WASHINGTON (AP) — A general and 11 other people associated with a U.S. Army biodefense laboratory face potential punishment for leadership, management and technical failures that an Army report says contributed to the mistaken shipment of live anthrax to other labs over a period of years.
The report released Friday named Brig. Gen. William E. King, who commanded the lab at Dugway Proving Ground in Utah as a colonel between 2009 and 2011, faulting him for actions that “perpetuated a complacent atmosphere” among lab workers.
The report’s findings were first reported by USA Today.
The lab came under public scrutiny when it was disclosed in May 2015 that live anthrax had been shipped to 194 other labs, including facilities in all 50 U.S. states and nine countries. The anthrax was supposed to have been killed before leaving Dugway.
The report called the inadvertent shipment of live anthrax “a serious breach of regulations” but said it did not pose a risk to public health. “Over the years, significant safeguards effectively ensured that the inadvertent shipments were not a threat.”
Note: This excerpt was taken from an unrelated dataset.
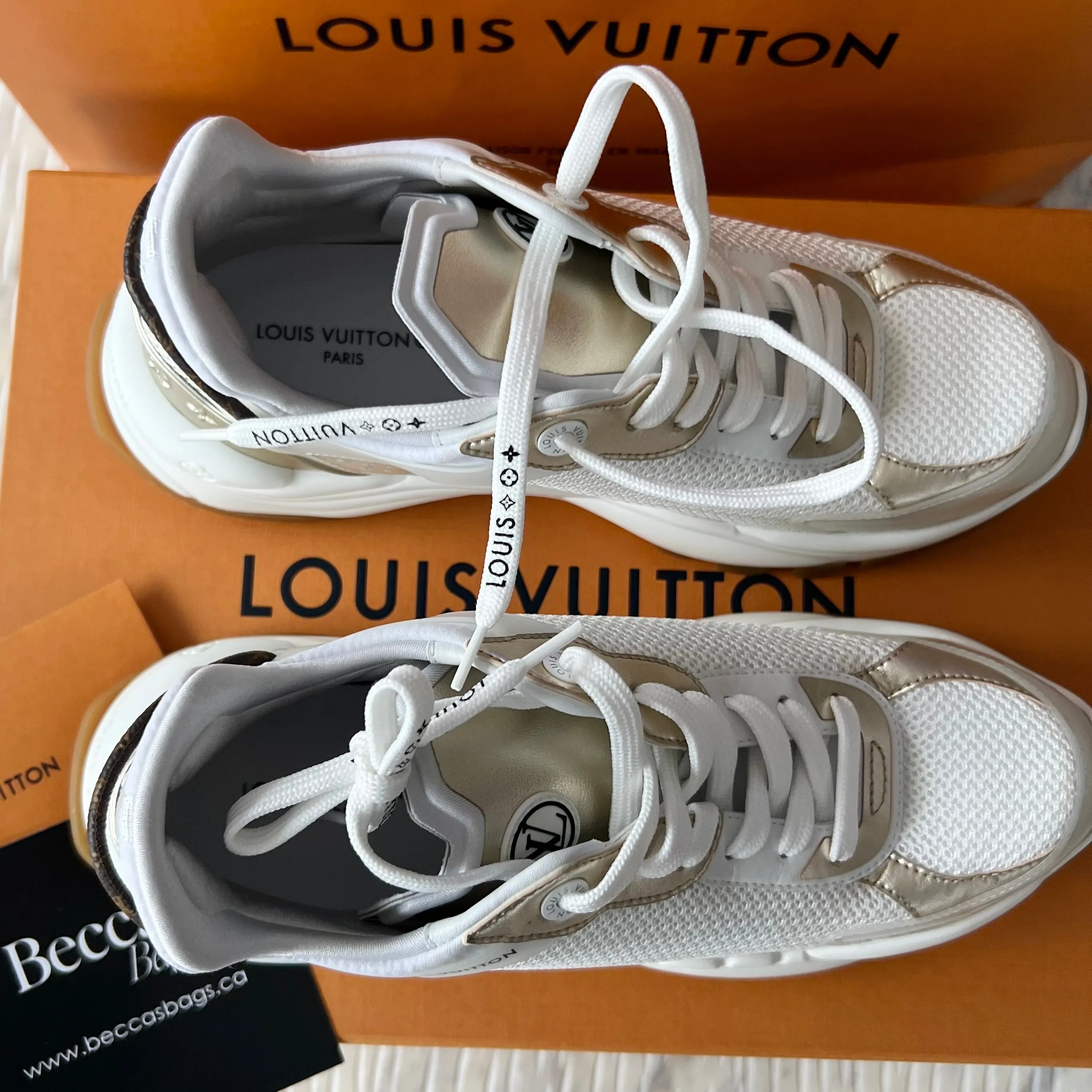 Louis Vuitton Trainer Run 55 Shoes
Dugway works with biological and chemical agents.
The report said investigators could not pin blame for the lapses on any individual, but it said the Army should consider holding King and the 11 others accountable. The Army has not yet taken disciplinary action against any of them.
The names of the 11 other individuals were blacked out in the publicly released report. It described them as a combination of military officers and others, including laboratory technicians who “failed to exercise due care.”
After leaving Dugway, King was promoted to brigadier general and is now commander of the 20th Chemical, Biological, Radiological, Nuclear, Explosives Command. A phone message left with his public affairs office requesting comment on the report’s findings was not returned.
At a Pentagon news conference Friday, Maj. Gen. Paul A. Ostrowski, who led the Army probe, said a combination of factors led to the mistaken shipments of live anthrax. These include “gaps in science,” such as a lack of research on the effectiveness of using gamma irradiation to kill anthrax spores, which was the method used at Dugway.